Task statement: Set the data down again, word for word, as it appears below.

(Scraped caption text data)
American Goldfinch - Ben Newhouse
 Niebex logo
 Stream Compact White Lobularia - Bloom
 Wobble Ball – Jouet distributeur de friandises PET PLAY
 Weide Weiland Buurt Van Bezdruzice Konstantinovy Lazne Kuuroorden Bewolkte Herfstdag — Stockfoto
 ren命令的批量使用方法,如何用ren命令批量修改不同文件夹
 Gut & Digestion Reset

Reply to the task:
American Goldfinch - Ben Newhouse
 Niebex logo
 Stream Compact White Lobularia - Bloom
 Wobble Ball – Jouet distributeur de friandises PET PLAY
 Weide Weiland Buurt Van Bezdruzice Konstantinovy Lazne Kuuroorden Bewolkte Herfstdag — Stockfoto
 ren命令的批量使用方法,如何用ren命令批量修改不同文件夹
 Gut & Digestion Reset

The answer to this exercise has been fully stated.